■ Provided data
•••

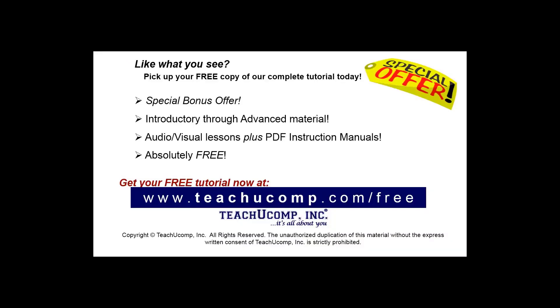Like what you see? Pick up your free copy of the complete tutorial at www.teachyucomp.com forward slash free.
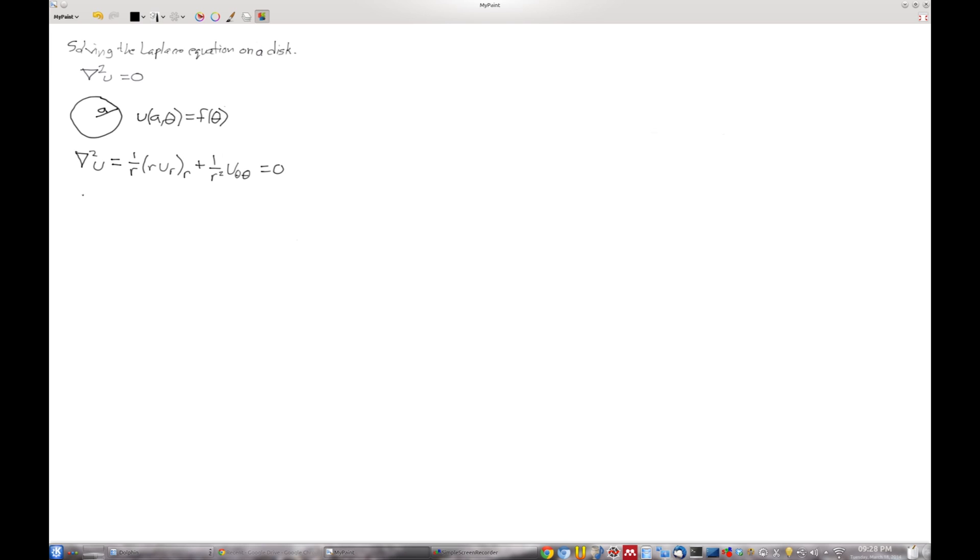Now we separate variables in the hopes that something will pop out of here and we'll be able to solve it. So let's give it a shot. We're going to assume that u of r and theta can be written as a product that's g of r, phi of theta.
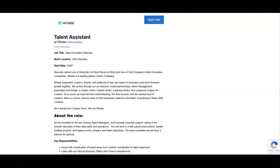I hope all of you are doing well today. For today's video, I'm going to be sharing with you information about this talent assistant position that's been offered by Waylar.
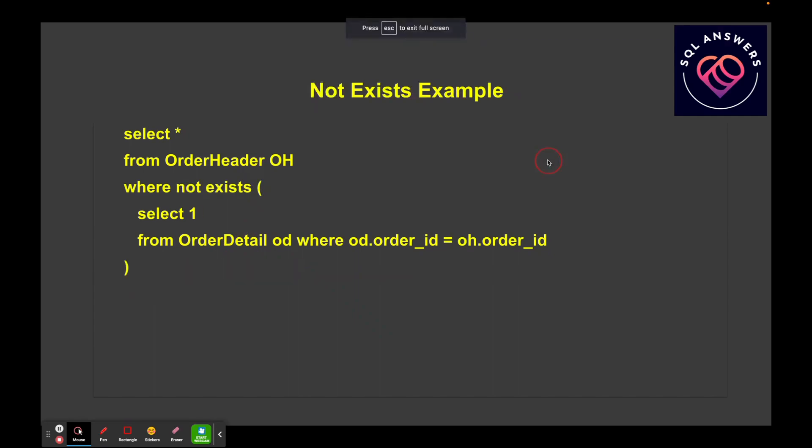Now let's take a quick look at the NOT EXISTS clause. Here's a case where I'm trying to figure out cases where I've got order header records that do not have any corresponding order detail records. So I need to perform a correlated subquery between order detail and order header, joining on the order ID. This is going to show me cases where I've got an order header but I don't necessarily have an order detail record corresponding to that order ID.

•••

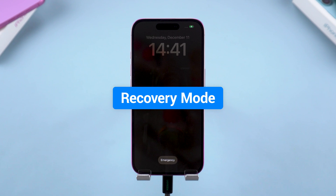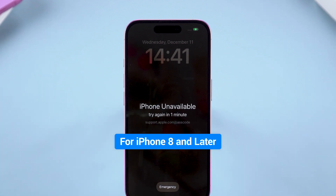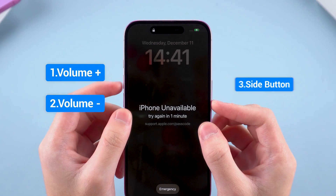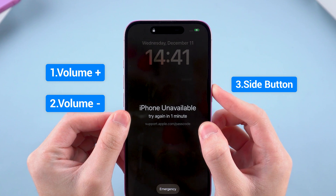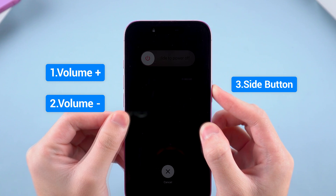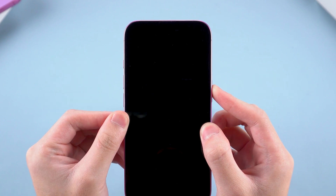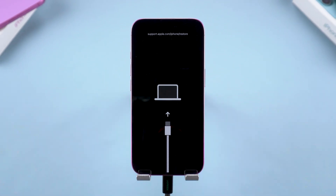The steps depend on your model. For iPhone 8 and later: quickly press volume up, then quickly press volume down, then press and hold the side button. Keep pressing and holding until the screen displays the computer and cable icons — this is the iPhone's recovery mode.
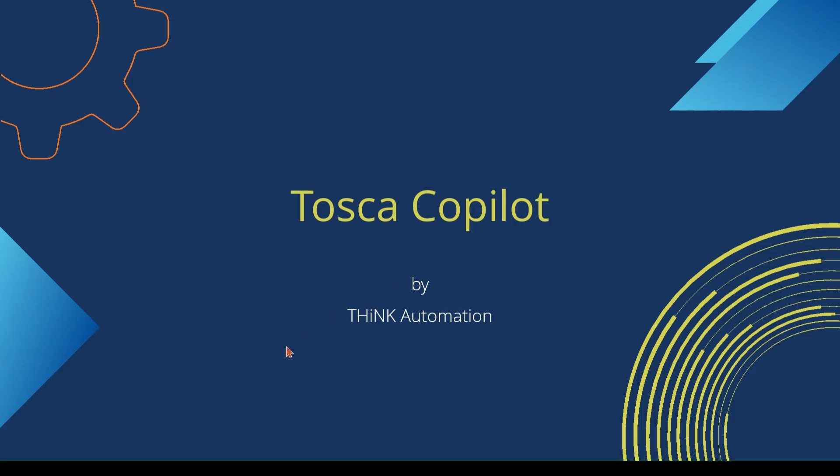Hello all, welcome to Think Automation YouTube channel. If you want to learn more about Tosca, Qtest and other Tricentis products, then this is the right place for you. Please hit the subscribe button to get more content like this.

•••

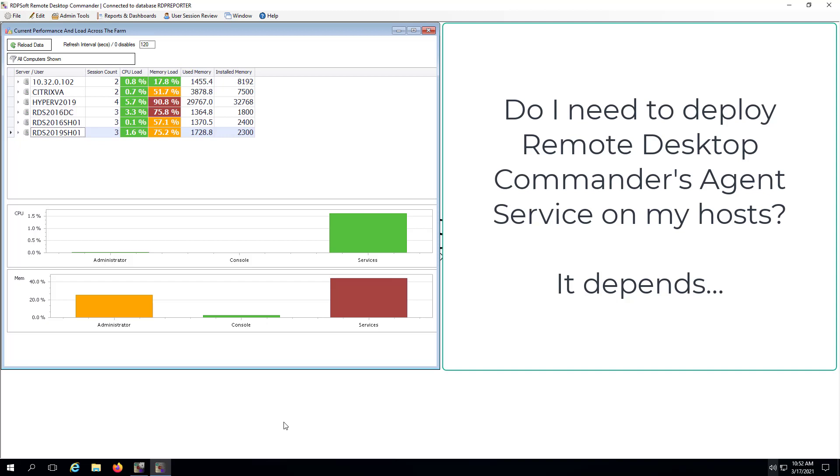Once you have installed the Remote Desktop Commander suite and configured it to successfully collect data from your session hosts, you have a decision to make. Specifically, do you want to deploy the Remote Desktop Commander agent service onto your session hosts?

•••

■ What you are asked to do
Reproduce the lines above beginning at the line that contains "Now we separate" and ending at the line that contains "Now let's take". No pictures.

■ Final answer
Now we separate variables in the hopes that something will pop out of here and we'll be able to solve it. So let's give it a shot. We're going to assume that u of r and theta can be written as a product that's g of r, phi of theta.
I hope all of you are doing well today. For today's video, I'm going to be sharing with you information about this talent assistant position that's been offered by Waylar.
Now let's take a quick look at the NOT EXISTS clause. Here's a case where I'm trying to figure out cases where I've got order header records that do not have any corresponding order detail records. So I need to perform a correlated subquery between order detail and order header, joining on the order ID. This is going to show me cases where I've got an order header but I don't necessarily have an order detail record corresponding to that order ID.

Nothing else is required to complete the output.